Configuring the security authentication account and password for a Spring Cloud microservice component

**Table 1** Configuring the security authentication account and password for a Spring Cloud microservice component
Configuration File Configuration	Environmental Variables Injection
Add the following configurations to the bootstrap.yml file of the microservice. If they are configured, skip this step. spring: cloud: servicecomb: credentials: account: name: test #Security authentication account. Set this parameter based on the site requirements. password: mima #Password of the security authentication account. Set this parameter based on the site requirements. cipher: default	Add the following environment variables. For details, see Managing Application Environment Variables. spring_cloud_servicecomb_credentials_account_name: security authentication account. Set this parameter based on the site requirements. spring_cloud_servicecomb_credentials_account_password: password of the security authentication account. Set this parameter based on the site requirements.

By default, the user password is stored in plaintext, which cannot ensure security. You are advised to encrypt the password for storage. For details, see Custom Encryption Algorithms for Storage.
If security authentication is not enabled for the microservice engine and security authentication parameters are configured for the microservice components connected to the microservice engine, the normal service functions of the microservice components are not affected.

Configuring the security authentication account and password for a Java Chassis microservice component

**Table 2** Configuring the security authentication account and password for a Java Chassis microservice component
Configuration File Configuration	Environmental Variables Injection
Add the following configurations to the microservice.yml file of the microservice.
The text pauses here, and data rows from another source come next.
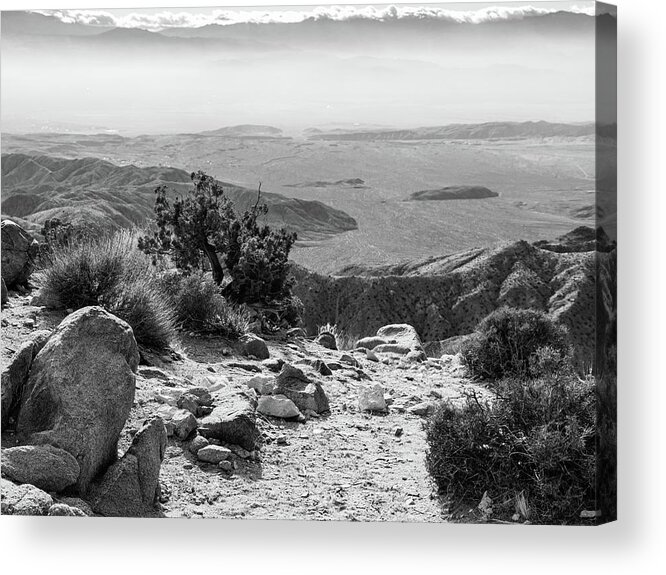 Landscape Acrylic Print featuring the photograph Mountain Tops Black and White by Claude Dalley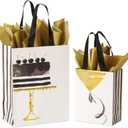Papyrus Gift Bags with Tissue Paper (Cake and Balloon) for Birthdays, Weddings, Bridal Showers, Baby Showers and All Occasions (2 Bags, 1 Large 13", 1 Medium 9", 4-Sheets)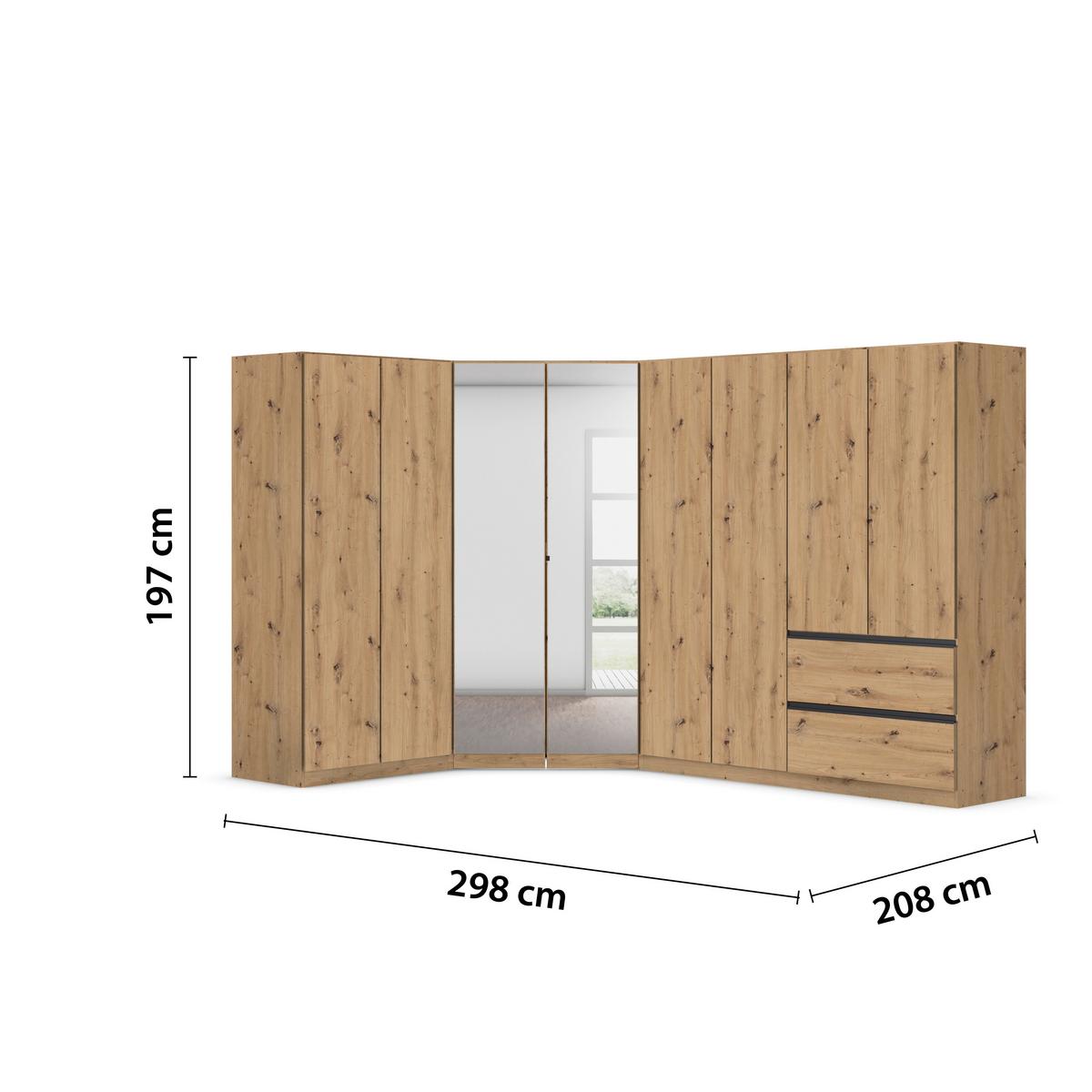 Kotna Omara Za Oblačila Costa, Barva Hrasta, Siva - barve kroma/siva, Moderno, leseni material (208/197/298cm) - Rauch Möbel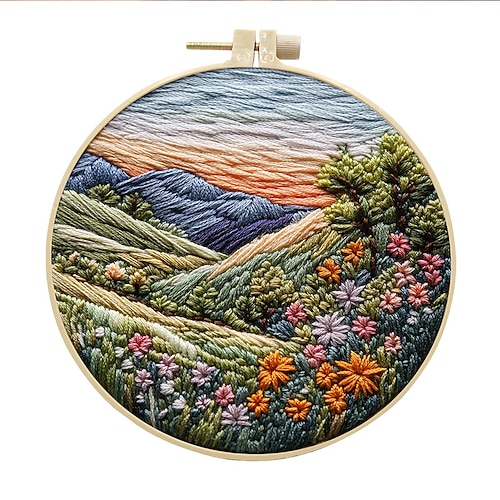 Stickset für Anfänger, Kreuzstich-Nadelspitze-Set für Erwachsene, Anfänger, einfaches Stoff-Handwerk mit schneebedecktem Bergmuster, Reifen, Nadel, DIY-Hängepflanzen für Frauen, Nähhobby Image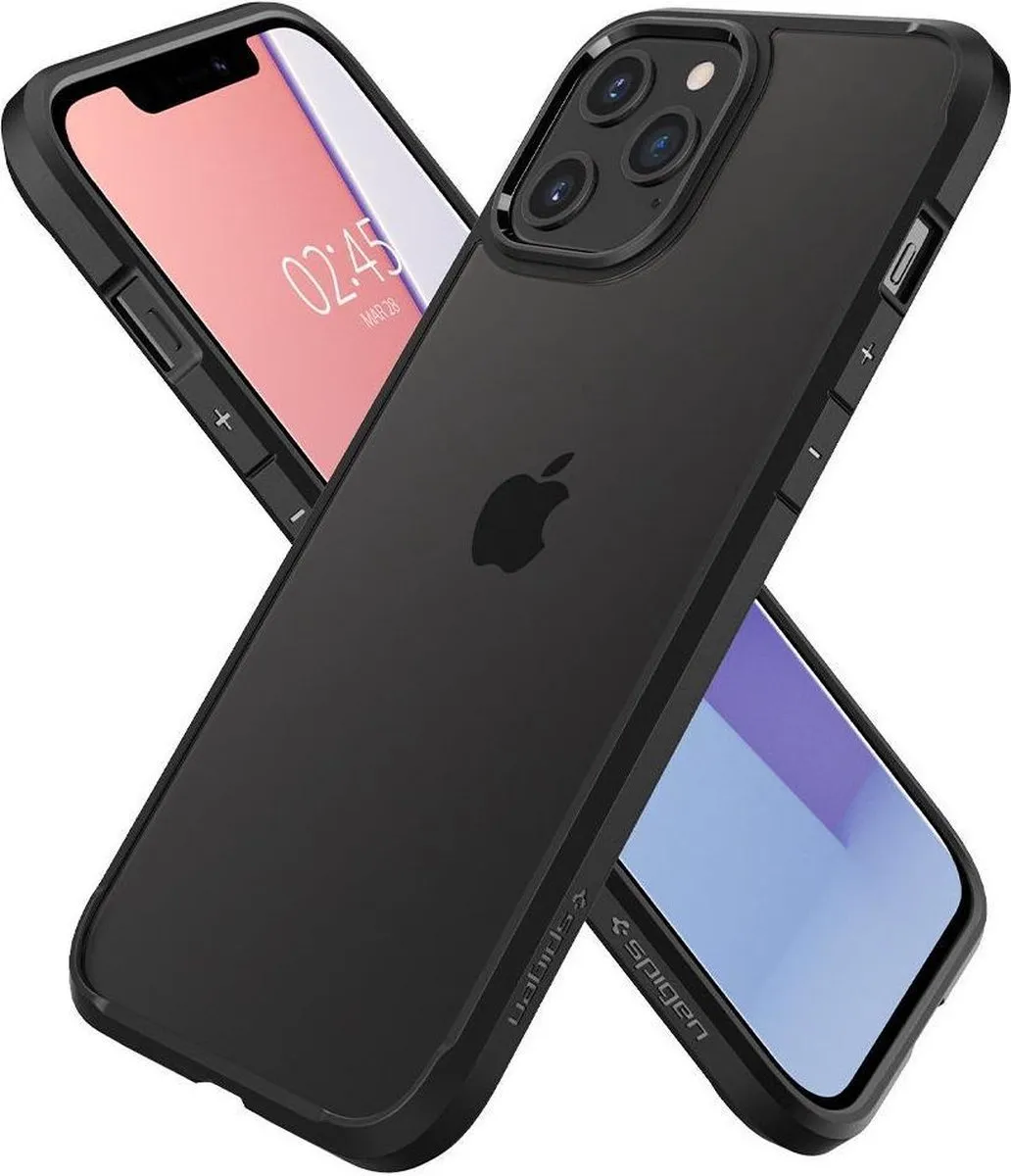Spigen Crystal Hybrid iPhone 12 Pro Max Hoesje ACS01477 - Zwart/Transparant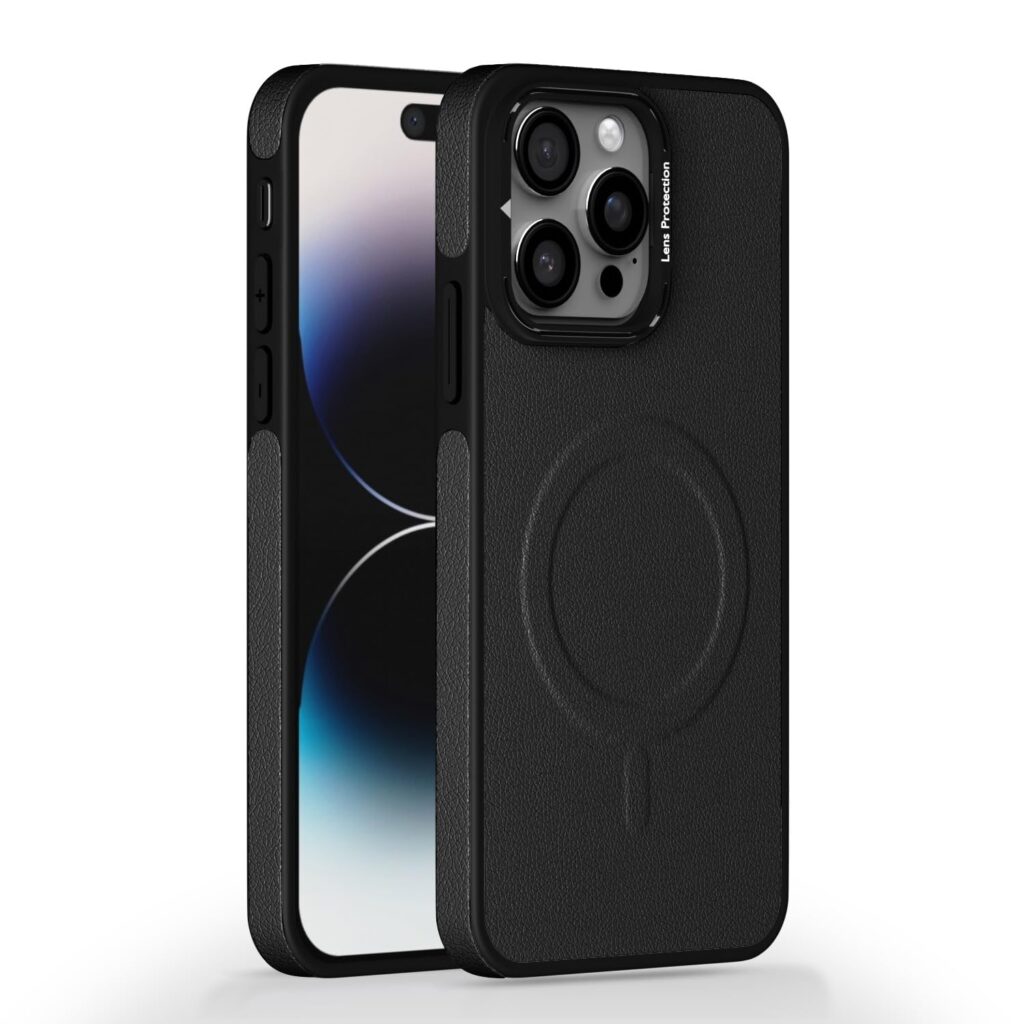 Amazon basics Back Cover for iPhone 15 pro max| 360 Protection Case| Pu Leather with Metal Frame Lens Protection Bumper Case(Black)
If they are configured, skip this step. servicecomb: credentials: rbac.enabled: true #Whether to enable security authentication. Set this parameter based on the site requirements. cipher: default account: name: test #Security authentication account. Set this parameter based on the site requirements. password: mima #Password of the security authentication account. Set this parameter based on the site requirements. cipher: default	Add the following environment variables. For details, see Managing Application Environment Variables. servicecomb_credentials_rbac_enabled: whether to enable security authentication. Set this parameter based on the site requirements. true: security authentication is enabled; false: security authentication is disabled. servicecomb_credentials_account_name: security authentication account. Set this parameter based on the site requirements. servicecomb_credentials_account_password: password of the security authentication account. Set this parameter based on the site requirements.

Enable security authentication for an exclusive microservice engine. For details, see Enabling Security Authentication.

After security authentication is enabled, if security authentication parameters are not configured for the microservice components connected to the engine, or the security authentication account and password configured for the microservice components are incorrect, the heartbeat of the microservice components fails and the service is forced to go offline.